> **Given records**
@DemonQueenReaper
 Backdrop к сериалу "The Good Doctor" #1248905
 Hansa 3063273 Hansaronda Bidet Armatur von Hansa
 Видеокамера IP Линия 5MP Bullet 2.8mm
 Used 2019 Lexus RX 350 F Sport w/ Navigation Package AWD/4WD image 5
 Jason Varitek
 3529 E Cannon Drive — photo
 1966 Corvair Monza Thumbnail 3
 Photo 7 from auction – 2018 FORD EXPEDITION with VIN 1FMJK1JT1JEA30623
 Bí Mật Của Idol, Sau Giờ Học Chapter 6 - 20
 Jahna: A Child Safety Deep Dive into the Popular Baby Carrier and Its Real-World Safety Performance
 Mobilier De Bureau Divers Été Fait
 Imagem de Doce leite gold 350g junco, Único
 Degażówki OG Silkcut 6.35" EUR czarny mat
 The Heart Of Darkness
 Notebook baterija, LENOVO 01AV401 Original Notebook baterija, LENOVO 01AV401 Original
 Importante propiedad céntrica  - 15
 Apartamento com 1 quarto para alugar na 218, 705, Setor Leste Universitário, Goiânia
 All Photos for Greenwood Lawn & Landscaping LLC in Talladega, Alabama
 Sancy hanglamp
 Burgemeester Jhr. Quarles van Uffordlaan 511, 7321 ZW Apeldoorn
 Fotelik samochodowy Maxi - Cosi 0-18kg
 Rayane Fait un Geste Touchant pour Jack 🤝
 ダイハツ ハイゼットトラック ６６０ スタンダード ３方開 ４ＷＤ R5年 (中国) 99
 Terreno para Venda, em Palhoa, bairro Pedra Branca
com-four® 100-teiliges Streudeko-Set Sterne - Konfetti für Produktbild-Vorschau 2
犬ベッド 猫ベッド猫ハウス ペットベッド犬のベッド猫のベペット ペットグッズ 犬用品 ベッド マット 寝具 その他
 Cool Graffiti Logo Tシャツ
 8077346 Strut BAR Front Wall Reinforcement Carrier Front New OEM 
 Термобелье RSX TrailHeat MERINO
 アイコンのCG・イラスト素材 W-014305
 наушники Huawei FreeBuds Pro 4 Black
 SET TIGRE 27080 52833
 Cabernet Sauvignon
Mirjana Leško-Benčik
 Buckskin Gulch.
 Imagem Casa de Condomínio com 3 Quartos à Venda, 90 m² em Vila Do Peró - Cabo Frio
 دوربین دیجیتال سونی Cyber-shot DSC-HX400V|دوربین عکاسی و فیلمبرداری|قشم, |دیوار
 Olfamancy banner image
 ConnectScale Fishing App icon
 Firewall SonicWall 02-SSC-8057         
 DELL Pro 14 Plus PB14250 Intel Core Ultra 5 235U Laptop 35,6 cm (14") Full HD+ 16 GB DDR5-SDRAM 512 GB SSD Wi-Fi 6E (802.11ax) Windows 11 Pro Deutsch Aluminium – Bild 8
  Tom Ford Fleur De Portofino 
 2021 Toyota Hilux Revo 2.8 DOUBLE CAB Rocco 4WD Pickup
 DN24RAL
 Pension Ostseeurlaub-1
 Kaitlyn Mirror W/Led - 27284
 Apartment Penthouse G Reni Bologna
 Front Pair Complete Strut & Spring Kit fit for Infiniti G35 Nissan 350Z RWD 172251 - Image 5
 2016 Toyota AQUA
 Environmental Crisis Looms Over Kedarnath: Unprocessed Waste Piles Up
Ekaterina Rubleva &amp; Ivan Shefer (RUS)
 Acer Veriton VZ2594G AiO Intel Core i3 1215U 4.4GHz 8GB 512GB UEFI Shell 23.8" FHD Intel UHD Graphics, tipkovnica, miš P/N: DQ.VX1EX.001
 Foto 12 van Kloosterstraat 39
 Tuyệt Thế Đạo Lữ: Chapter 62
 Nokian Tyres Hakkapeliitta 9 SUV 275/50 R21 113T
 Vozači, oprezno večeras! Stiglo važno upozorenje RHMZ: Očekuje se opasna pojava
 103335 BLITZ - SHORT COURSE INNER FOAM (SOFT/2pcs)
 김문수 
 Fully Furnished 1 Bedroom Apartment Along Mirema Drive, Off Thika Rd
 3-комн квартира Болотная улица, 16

> **What the exercise asks**
Starting at the line above that contains "Notebook baterija, LENOVO 01AV401 Original Notebook", repeat each line exactly up to and including the line that contains "Sancy hanglamp", and stop there.

> **Task answer**
 Notebook baterija, LENOVO 01AV401 Original Notebook baterija, LENOVO 01AV401 Original
 Importante propiedad céntrica  - 15
 Apartamento com 1 quarto para alugar na 218, 705, Setor Leste Universitário, Goiânia
 All Photos for Greenwood Lawn & Landscaping LLC in Talladega, Alabama
 Sancy hanglamp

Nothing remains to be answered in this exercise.